Regular expressions

How to process text for search and validation

A regular expression or regex is used for searching, editing, extracting and manipulating data. Using regular expressions (or regex) you can verify if a specific string matches a given text pattern or to find out a set of characters from a sentence or large batch of characters.

Regular expression are also used in replacing, splitting and re-arranging text. Regular expressions are generally follow a similar pattern in most of the programming languages.

You can quickly create and test your regex with following websites:

Search for a text

For example, if we are going to search for html tags <h1>, <h2>, <h3>, <h4>, <h5>, <h6>, and </h1>, </h2>, </h3>, </h4>, </h5>, </h6>, then we can simply write the code like this:

/<\/?h[1-6]>/ig

PHP Example

PHP uses these functions for search and replace, preg_match and preg_match_all for matching and preg_replace for replacement.

$html = '<H1>Heading 1</H1>';
$pattern = '/<\/?h[1-6]>/ig';
echo preg_match($pattern, $html);
//prints "1"

preg_match searches text for a match to the regular expression given in pattern (/ is pattern delimiter) and returns 1 if the pattern matches given text, 0 if it does not, or false if an error occurred.

JavaScript example

In JavaScript, regular expressions (or regex) are implemented as their own type of object (such as the RegExp object). These objects store patterns and options and can then be used to test and manipulate strings.
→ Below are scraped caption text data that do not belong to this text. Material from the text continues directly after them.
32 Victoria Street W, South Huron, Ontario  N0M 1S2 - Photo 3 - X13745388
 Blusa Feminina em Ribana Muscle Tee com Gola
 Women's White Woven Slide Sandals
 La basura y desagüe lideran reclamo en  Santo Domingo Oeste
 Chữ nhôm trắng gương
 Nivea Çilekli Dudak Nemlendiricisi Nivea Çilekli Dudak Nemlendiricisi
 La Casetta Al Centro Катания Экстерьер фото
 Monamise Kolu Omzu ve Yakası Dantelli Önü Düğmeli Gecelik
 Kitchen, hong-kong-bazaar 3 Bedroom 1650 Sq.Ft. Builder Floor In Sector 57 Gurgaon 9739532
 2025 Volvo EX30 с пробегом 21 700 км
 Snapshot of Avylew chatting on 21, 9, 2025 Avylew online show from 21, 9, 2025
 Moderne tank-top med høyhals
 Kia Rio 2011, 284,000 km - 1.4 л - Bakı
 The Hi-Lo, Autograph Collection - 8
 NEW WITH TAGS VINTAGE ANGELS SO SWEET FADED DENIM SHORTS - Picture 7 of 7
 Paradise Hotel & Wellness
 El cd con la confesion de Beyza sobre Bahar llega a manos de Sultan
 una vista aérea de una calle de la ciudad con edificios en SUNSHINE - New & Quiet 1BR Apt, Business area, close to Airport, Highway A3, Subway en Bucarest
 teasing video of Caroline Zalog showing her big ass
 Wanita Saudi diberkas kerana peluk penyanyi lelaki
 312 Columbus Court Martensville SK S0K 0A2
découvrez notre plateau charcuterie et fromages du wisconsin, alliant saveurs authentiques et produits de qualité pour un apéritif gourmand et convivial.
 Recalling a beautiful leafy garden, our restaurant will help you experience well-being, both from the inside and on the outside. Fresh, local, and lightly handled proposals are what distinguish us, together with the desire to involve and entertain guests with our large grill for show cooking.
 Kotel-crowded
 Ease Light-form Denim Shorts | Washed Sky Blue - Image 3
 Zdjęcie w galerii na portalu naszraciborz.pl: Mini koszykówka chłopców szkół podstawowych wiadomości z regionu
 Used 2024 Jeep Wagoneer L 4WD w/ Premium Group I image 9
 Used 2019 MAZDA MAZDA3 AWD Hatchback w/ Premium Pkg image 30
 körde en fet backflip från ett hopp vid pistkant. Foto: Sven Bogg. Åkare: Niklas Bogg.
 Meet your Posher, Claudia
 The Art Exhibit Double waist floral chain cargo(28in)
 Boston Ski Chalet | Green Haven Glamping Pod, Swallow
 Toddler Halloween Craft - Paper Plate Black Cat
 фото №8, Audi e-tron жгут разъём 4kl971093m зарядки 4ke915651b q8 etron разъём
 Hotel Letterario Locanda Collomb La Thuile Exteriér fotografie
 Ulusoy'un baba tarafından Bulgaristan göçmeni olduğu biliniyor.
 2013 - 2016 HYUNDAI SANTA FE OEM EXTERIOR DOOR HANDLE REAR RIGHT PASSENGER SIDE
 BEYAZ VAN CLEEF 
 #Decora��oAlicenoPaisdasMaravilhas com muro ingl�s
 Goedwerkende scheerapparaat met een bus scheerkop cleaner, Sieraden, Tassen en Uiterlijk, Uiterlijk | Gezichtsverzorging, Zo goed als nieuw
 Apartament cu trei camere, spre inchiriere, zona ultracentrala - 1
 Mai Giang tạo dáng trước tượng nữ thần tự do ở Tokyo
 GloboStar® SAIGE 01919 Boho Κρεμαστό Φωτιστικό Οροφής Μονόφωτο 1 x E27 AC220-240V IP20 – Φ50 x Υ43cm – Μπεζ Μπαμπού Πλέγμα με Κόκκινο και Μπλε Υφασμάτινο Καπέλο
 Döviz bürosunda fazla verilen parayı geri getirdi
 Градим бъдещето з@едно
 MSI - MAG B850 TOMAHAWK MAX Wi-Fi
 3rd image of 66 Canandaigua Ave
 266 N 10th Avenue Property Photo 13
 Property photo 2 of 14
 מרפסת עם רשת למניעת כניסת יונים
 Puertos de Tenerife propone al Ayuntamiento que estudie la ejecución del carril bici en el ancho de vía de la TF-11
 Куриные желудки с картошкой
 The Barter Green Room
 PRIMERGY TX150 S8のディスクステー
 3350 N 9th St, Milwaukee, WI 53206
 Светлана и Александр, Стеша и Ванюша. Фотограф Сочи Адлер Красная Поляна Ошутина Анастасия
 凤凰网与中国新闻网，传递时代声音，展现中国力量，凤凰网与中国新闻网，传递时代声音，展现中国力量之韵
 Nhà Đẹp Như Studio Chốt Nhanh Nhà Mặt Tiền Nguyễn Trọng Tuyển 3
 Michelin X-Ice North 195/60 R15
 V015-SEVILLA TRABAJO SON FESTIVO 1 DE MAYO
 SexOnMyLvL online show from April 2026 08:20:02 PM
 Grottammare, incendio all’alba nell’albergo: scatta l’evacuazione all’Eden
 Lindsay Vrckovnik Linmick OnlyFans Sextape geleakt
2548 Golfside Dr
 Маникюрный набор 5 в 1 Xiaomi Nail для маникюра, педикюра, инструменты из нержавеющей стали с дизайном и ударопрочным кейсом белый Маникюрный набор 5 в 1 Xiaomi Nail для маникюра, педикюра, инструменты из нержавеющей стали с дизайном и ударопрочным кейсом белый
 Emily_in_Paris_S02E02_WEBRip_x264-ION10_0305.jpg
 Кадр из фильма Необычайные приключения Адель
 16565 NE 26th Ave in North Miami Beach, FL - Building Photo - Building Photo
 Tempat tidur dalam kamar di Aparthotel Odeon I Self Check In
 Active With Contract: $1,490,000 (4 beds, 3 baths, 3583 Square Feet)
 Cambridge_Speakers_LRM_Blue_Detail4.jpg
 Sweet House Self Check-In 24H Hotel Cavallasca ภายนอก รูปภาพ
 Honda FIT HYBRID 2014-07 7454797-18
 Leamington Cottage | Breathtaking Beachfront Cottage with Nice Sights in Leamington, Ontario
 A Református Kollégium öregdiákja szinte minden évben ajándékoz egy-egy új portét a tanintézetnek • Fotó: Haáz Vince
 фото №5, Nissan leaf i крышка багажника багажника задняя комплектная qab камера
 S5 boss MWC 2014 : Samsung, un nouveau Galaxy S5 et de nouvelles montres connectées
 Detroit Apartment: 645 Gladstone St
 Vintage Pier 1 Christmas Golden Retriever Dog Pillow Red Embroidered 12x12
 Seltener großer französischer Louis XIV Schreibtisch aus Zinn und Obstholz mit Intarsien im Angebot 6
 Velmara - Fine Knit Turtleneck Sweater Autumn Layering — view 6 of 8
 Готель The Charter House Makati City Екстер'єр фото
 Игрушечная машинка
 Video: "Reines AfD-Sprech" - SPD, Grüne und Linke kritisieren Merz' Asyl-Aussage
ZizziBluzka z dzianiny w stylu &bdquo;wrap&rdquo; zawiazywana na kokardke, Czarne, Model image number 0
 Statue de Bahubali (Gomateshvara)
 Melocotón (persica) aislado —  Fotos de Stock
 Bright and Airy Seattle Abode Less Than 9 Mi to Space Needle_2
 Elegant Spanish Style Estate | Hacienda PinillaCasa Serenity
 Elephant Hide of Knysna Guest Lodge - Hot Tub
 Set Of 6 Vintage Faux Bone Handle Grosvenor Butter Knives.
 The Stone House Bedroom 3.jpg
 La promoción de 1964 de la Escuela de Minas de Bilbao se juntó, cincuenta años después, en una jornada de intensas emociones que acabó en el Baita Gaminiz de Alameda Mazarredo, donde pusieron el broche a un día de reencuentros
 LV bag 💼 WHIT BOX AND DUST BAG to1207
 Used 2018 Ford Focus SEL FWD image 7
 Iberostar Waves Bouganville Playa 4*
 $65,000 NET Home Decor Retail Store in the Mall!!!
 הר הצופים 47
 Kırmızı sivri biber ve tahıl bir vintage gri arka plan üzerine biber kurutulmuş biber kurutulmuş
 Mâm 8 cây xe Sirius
var regex = new RegExp('<\/?h[1-6]>','ig');
//or
var regex = /<\/?h[1-6]>/ig;
regex.test('<H1>Heading 1</H1>');
//returns true

Regex meta (or special) characters

The $^*()+.?[\{| punctuation letters are called meta characters which make regular expressions work. Here is an overview of these special characters:

Pattern delimiter

In PHP, a delimiter can be any non-alphanumeric, non-backslash, non-whitespace character. Often used delimiters are forward slashes /, hash signs # and tildes ~. The following are equivalent:

<?php
 $pattern = "/\w+/";
 
 //same as previous, but different delimiter
 $pattern = "~\w+~";

 //same as previous, but different delimiter
 $pattern = "!\w+!";
 
 //same as previous, but different delimiter
 $pattern = "#\w+#";

In JavaScript you would delimit regex with the / (forward slash) character. You also can use the global object RegExp using the normal string escape rules. The following are equivalent:

// Using delimiter
var pattern = /\s+/;

//Without delimiter, using RegExp object
var pattern = new RegExp("\\s+");

Matching start or end of text

^ lets the recognition start at the beginning. If you write ^a, the expression will match the letter “a” only if it appears at the very first character.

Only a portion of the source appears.